The problem seems to be the lead screw is sitting to low on the bed when I engage the half nuts the lower half actually pushes the lead screw up. So after doing a search and reading the manual it says to adjust the lead screw bearing assembly to fix this. However there is no vertical movement in mine , the bracket that bolts to the bed with two 1/4-20 bolts sits tight to the underneath of the bed against the ways and the two holes for the bolts are not slotted. 
The lead screw is 3/4" with the clutch and newer rear bearing assembly, the half nuts are the 10f-12
I do have a small mill and could machine the bracket to make it adjustable but thought I should ask first.

Thanks Jim


----------



## Tony Wells (Mar 31, 2015)

I would look more into adjustment of the half-nuts. If the bed of the machine has been resurfaced, that lowers the carriage, not raises it. I don't think I have ever seen an adjustable leadscrew. But, like an older gentleman I worked for told me...."Boy, there's a lot of things you ain't seen".


----------



## Nammar (Mar 31, 2015)

Dear Jim,

I bought a Polish made Andrychowska TUE-40 lathe from a fishing boat that was been scrapped, for the scrap price. During testing, when I wanted to engage the half nuts onto the leadscrew, the half nuts did not want to engage and they also caused the leadscrew to deflect. After stripping the apron to have a look see, the threaded parts of the half nuts were packed tightly with brass shavings. They must have turned a lot of brass on that ship. Nevertheless, a good clean-up of the half nuts and re-assembly solved this problem.

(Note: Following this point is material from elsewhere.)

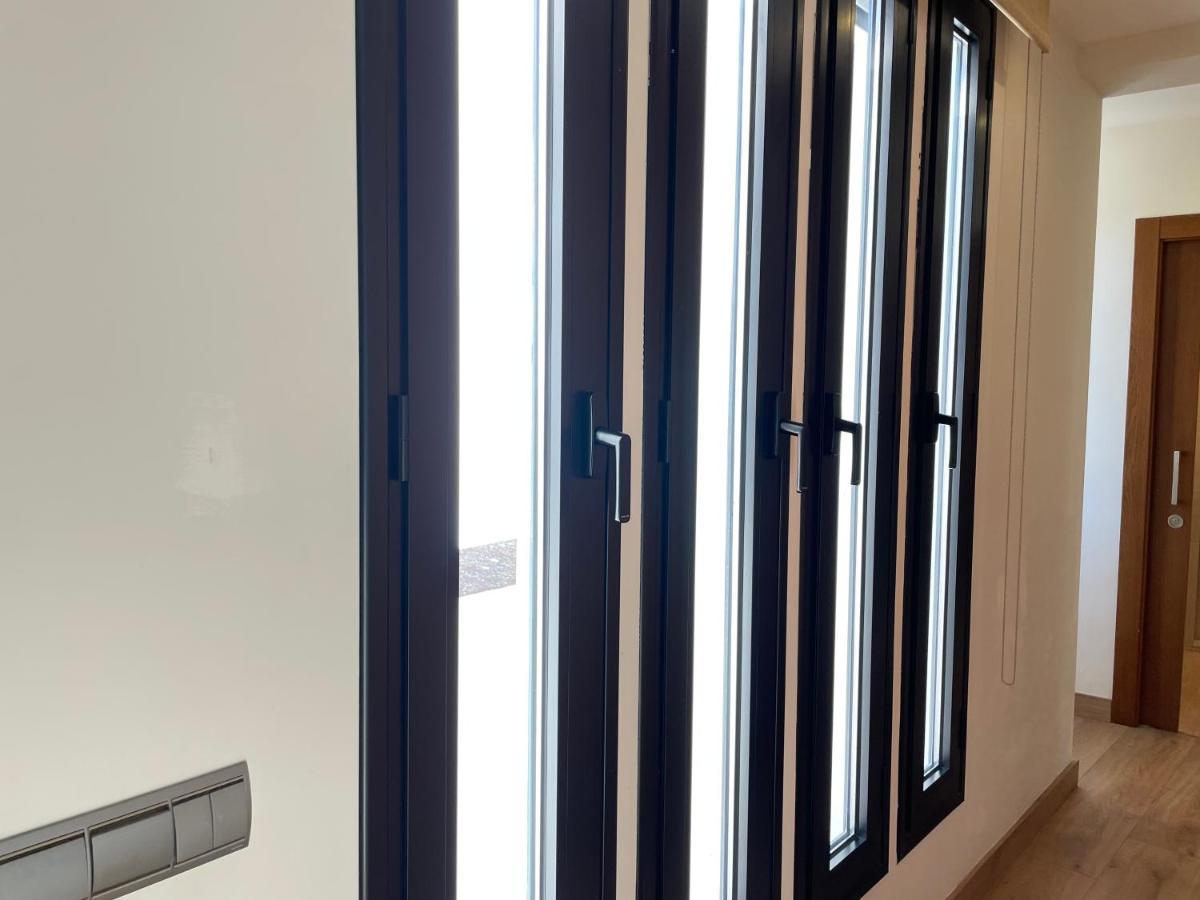 Apartmán Gav Espinel Ronda Centro Exteriér fotografie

So, before going to adjust the height of the leadscrew, have a look at the half nuts. They may just be packed full of gunk. A simple cleaning job may just solve your problem. Geoffrey.


----------



## gymbo (Mar 31, 2015)

Atlas has no way of adjusting the half nuts the bracket that holds them is bolted directly to the apron and has two registry pins for alignment
Geoffrey that was the first thing I checked pulled the old (4 months old) nuts out to clean and saw the lower nut was shot, upper nut not quite as bad. Put in new nuts but its not engaging smoothly at all and the lower nut is pushing the lead screw up towards the ways long before the upper nuts engages the screw. If the ways had been ground I would think the upper nut would be engaging first. The half nuts open and close smoothly when lead screw is removed.  Jim


----------



## Strtspdlx (Mar 31, 2015)

I noticed on my lathe if I didn't have the jam nuts at the end of the lead screw adjusted correctly the lead screw would say and do the same thing your describing. I'm afraid yours may be a lot worse then mine but it's worth a shot


Sent from my iPhone using Tapatalk


----------



## Nammar (Mar 31, 2015)

Dear Jim,

Then I can only assume that it's an assembly issue and should be a quick fix. These brass half nuts are normally machined as a pair and should you remove them and place them on the leadscrew by hand, they should line up exactly with each other. You may just find that one of them is 180 degrees out and a simple turn around of one half, to properly align them up, may solve your problem. Lathes are pretty simple in their construction. Pictures would help a lot. Geoffrey.


----------